**Directions**
Take the entries below and reproduce exactly the portion that begins at the line containing "Пароварка agness эмалир." and ends at the line containing "KUBALA LOPATICA ZA", keeping both ends, dropping pictures, and adding nothing else.

**Exercise input**
-=-=-
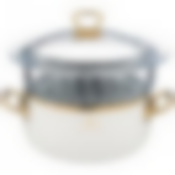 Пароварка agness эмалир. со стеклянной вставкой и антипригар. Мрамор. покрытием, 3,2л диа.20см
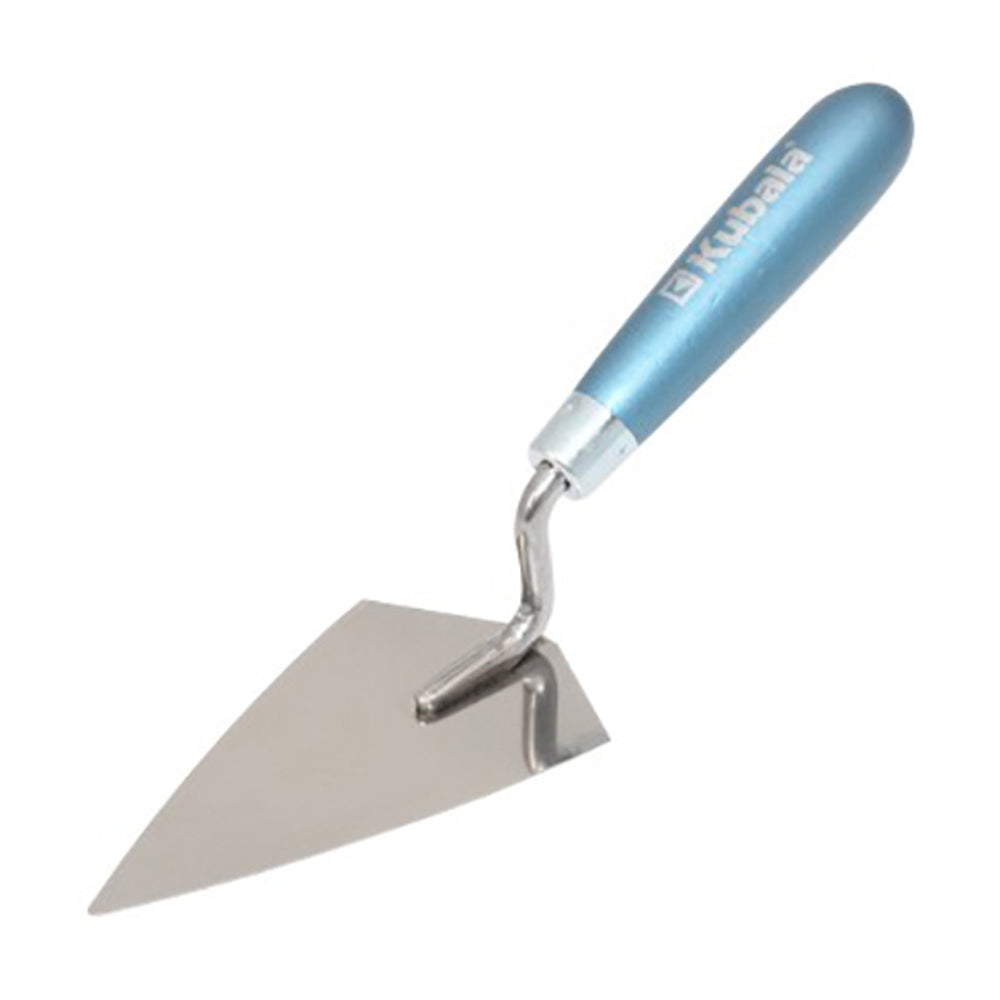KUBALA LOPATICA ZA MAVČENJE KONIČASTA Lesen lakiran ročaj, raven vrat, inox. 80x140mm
-=-=-
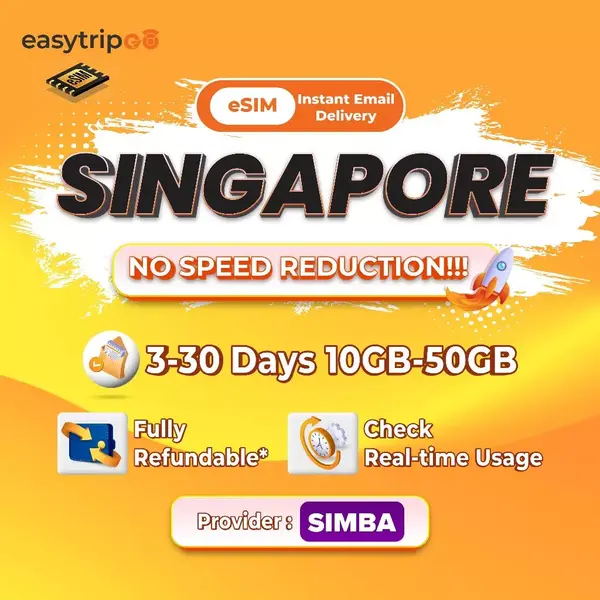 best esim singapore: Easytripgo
-=-=-
**Result**
 Пароварка agness эмалир. со стеклянной вставкой и антипригар. Мрамор. покрытием, 3,2л диа.20см
KUBALA LOPATICA ZA MAVČENJE KONIČASTA Lesen lakiran ročaj, raven vrat, inox. 80x140mm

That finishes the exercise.